Lines from the listing that hold the string "Knit" are what you should return.

++++ Data to examine

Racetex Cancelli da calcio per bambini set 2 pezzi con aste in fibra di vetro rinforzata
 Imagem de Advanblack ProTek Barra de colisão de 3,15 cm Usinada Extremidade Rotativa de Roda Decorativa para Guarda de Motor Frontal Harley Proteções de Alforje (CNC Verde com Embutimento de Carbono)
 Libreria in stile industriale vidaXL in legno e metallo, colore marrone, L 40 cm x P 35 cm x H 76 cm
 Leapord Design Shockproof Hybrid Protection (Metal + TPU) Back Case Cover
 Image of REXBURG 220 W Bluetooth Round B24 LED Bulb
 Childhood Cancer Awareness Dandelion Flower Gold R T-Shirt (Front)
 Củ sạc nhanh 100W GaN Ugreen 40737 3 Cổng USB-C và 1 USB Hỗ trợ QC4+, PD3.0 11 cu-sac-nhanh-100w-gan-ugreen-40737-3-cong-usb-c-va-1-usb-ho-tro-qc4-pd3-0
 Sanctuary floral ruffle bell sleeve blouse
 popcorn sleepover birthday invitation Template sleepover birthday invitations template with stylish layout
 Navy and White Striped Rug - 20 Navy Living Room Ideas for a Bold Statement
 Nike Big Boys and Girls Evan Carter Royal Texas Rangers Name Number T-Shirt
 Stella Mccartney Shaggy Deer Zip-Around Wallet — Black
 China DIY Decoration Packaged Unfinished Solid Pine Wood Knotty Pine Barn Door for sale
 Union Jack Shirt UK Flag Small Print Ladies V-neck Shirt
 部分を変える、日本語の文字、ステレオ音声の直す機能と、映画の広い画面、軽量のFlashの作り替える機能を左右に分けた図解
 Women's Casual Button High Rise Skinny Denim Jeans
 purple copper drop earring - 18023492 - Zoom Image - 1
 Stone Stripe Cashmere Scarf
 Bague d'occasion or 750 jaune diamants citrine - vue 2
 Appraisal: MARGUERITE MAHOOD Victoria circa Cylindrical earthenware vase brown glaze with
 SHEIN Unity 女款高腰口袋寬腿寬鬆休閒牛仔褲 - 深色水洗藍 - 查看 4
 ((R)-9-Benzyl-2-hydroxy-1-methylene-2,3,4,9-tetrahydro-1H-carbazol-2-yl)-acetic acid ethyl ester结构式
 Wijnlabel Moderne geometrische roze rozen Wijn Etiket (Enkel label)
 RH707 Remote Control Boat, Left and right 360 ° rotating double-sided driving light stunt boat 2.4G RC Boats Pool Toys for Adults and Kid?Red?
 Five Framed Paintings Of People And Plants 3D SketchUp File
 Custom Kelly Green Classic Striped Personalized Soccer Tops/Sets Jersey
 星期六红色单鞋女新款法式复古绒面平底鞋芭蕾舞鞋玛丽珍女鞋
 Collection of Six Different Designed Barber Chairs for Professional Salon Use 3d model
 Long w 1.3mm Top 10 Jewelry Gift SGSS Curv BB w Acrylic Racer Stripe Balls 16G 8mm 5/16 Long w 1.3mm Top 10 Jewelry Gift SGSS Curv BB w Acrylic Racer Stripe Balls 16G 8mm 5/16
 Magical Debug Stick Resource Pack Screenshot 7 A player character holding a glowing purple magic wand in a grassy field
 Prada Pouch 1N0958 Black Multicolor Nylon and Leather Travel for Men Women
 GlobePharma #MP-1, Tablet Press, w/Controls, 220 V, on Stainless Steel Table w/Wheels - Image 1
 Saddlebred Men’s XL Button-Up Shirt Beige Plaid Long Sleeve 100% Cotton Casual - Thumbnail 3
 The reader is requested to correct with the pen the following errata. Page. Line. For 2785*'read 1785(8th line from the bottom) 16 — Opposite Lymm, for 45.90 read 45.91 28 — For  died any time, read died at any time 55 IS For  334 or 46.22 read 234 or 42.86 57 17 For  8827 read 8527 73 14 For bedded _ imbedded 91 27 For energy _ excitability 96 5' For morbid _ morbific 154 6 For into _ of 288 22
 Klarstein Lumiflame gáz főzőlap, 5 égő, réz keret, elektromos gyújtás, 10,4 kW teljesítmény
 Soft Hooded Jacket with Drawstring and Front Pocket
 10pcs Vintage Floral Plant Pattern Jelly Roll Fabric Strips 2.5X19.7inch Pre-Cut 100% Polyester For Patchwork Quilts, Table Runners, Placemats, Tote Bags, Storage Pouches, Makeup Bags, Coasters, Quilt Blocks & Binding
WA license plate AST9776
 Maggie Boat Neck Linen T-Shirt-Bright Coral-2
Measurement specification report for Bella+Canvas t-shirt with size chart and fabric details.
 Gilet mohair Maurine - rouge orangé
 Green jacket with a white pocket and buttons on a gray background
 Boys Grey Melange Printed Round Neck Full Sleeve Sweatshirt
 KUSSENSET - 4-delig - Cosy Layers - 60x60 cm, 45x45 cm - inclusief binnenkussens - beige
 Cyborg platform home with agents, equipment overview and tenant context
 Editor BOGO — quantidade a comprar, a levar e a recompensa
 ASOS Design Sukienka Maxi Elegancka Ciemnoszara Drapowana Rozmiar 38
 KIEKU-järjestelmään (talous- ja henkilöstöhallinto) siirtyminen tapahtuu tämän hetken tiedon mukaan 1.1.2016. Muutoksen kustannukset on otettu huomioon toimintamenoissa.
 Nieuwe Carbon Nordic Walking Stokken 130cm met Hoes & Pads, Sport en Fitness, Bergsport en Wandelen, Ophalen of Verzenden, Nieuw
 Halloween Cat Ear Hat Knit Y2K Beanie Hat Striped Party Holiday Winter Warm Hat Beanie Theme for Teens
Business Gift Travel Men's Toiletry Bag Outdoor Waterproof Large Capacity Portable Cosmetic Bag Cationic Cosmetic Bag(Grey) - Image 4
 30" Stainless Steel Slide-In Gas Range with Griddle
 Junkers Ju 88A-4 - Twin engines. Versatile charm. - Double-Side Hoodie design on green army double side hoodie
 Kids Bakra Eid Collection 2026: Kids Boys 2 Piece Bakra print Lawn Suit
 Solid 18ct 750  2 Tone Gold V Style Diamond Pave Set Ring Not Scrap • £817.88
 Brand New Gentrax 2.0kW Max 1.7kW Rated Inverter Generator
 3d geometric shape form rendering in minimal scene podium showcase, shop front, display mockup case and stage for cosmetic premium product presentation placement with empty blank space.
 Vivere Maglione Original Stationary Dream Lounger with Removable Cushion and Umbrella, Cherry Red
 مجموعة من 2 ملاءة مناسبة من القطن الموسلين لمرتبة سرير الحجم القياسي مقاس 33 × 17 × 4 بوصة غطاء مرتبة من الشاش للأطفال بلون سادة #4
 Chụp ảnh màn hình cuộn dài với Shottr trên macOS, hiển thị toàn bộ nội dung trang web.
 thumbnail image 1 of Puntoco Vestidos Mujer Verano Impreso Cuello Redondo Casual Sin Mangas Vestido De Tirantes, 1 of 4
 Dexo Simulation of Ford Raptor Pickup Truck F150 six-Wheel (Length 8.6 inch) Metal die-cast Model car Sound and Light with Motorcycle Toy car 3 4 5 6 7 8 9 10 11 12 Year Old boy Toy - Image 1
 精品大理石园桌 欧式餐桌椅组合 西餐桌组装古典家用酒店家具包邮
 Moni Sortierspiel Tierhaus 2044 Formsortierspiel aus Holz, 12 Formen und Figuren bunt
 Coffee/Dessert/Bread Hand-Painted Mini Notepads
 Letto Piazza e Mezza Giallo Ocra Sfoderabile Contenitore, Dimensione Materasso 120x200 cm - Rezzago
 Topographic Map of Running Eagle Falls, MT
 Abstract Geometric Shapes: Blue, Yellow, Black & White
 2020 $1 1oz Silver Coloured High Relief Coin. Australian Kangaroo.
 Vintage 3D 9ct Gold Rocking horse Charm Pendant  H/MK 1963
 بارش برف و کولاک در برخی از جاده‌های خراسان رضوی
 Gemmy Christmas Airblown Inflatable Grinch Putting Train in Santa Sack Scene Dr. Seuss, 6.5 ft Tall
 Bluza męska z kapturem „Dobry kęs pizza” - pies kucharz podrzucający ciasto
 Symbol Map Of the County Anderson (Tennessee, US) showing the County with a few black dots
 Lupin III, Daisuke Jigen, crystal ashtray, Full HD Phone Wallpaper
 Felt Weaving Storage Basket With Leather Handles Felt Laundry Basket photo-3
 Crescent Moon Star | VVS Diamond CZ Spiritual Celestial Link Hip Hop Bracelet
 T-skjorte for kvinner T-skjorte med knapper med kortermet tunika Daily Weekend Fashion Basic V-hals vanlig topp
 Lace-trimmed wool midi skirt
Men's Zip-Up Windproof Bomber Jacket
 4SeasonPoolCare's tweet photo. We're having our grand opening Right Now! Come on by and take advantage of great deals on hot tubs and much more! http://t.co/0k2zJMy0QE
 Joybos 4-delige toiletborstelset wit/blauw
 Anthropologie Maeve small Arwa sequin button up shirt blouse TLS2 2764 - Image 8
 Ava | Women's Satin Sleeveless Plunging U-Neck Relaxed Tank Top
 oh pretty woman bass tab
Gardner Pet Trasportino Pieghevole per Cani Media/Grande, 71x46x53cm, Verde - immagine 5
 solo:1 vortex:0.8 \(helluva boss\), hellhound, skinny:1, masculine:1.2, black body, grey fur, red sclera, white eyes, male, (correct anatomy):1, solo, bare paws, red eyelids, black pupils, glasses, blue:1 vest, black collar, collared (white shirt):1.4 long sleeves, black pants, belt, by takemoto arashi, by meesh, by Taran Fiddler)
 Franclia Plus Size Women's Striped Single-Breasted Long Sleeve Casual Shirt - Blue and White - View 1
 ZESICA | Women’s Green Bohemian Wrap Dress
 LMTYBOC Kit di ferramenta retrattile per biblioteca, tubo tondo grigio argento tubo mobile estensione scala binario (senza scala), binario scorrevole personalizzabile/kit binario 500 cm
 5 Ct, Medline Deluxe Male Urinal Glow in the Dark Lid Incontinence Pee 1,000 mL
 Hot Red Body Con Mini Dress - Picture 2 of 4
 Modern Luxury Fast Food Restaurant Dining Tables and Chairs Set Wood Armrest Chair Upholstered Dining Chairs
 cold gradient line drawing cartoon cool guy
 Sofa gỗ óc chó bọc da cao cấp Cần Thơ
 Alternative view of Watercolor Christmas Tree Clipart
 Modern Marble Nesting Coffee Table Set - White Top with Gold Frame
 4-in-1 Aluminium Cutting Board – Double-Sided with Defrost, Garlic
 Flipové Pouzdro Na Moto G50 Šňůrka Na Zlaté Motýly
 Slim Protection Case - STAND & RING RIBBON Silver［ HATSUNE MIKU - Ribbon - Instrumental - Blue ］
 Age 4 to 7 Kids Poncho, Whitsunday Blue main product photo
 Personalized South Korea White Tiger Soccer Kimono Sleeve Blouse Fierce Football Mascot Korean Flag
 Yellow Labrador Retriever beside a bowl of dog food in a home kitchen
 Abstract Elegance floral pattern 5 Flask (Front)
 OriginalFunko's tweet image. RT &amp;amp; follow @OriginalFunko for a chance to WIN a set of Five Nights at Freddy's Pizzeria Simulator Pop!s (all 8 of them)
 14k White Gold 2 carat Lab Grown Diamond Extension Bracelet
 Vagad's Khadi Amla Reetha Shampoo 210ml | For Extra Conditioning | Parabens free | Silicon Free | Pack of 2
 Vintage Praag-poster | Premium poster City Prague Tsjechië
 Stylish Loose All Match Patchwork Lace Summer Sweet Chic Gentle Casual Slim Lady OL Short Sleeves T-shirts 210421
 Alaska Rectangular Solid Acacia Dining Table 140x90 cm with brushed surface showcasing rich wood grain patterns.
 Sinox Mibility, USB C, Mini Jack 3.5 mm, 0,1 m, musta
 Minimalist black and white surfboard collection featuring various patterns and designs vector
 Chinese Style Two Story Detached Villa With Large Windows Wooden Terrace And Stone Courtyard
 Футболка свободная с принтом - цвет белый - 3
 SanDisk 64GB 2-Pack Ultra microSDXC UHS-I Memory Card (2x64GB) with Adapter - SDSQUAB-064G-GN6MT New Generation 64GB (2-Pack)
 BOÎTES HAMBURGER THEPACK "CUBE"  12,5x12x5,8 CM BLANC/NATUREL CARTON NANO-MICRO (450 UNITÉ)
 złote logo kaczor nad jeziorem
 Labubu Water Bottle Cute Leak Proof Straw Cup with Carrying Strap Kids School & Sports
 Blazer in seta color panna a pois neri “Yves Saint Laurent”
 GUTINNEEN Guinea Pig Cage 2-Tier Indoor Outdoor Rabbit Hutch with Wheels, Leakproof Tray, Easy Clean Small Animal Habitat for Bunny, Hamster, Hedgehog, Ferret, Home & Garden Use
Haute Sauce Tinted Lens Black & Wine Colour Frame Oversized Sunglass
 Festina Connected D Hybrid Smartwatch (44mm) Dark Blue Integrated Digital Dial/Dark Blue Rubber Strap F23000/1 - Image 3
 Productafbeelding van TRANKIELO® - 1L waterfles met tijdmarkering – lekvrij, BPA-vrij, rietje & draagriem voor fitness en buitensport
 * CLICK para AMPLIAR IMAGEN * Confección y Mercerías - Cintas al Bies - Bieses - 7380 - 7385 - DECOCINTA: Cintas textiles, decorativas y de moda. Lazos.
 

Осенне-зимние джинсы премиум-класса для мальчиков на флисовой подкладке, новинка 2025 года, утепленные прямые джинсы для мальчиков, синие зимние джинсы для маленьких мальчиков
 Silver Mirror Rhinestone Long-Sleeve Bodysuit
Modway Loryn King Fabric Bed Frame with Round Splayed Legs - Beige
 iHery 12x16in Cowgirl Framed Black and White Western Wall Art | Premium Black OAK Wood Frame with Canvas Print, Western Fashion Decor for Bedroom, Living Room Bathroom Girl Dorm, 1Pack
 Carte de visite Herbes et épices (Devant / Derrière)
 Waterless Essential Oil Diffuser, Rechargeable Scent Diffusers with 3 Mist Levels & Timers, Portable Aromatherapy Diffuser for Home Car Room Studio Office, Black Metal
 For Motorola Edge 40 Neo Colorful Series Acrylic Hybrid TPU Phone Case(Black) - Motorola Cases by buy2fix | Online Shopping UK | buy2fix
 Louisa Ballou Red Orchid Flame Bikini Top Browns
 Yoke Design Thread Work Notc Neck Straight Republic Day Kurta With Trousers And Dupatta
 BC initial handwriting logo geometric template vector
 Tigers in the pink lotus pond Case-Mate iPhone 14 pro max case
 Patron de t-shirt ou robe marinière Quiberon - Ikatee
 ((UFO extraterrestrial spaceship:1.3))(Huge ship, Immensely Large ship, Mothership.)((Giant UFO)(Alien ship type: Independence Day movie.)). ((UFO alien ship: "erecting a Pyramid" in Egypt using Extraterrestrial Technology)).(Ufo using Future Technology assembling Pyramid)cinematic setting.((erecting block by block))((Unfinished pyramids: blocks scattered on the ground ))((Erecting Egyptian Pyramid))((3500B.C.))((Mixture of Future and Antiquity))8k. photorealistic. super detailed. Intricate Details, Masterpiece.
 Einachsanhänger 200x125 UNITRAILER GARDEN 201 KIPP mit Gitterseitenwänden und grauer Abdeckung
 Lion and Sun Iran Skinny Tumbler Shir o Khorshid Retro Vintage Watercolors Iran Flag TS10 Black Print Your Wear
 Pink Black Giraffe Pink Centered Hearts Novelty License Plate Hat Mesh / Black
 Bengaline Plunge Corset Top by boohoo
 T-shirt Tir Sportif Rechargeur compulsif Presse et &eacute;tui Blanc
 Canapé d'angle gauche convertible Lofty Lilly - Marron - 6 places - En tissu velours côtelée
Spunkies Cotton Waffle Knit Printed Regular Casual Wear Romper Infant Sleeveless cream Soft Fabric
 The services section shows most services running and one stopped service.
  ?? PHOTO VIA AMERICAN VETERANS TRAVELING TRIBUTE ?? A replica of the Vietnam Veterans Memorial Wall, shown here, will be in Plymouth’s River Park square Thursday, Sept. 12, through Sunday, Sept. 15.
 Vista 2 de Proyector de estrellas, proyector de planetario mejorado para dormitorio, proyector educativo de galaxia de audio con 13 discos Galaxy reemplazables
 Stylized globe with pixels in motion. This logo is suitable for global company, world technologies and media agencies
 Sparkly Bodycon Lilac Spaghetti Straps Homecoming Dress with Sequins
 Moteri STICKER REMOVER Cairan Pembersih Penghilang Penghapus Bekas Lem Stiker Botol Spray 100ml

++++++++

_Solution for this problem_
 Halloween Cat Ear Hat Knit Y2K Beanie Hat Striped Party Holiday Winter Warm Hat Beanie Theme for Teens
Spunkies Cotton Waffle Knit Printed Regular Casual Wear Romper Infant Sleeveless cream Soft Fabric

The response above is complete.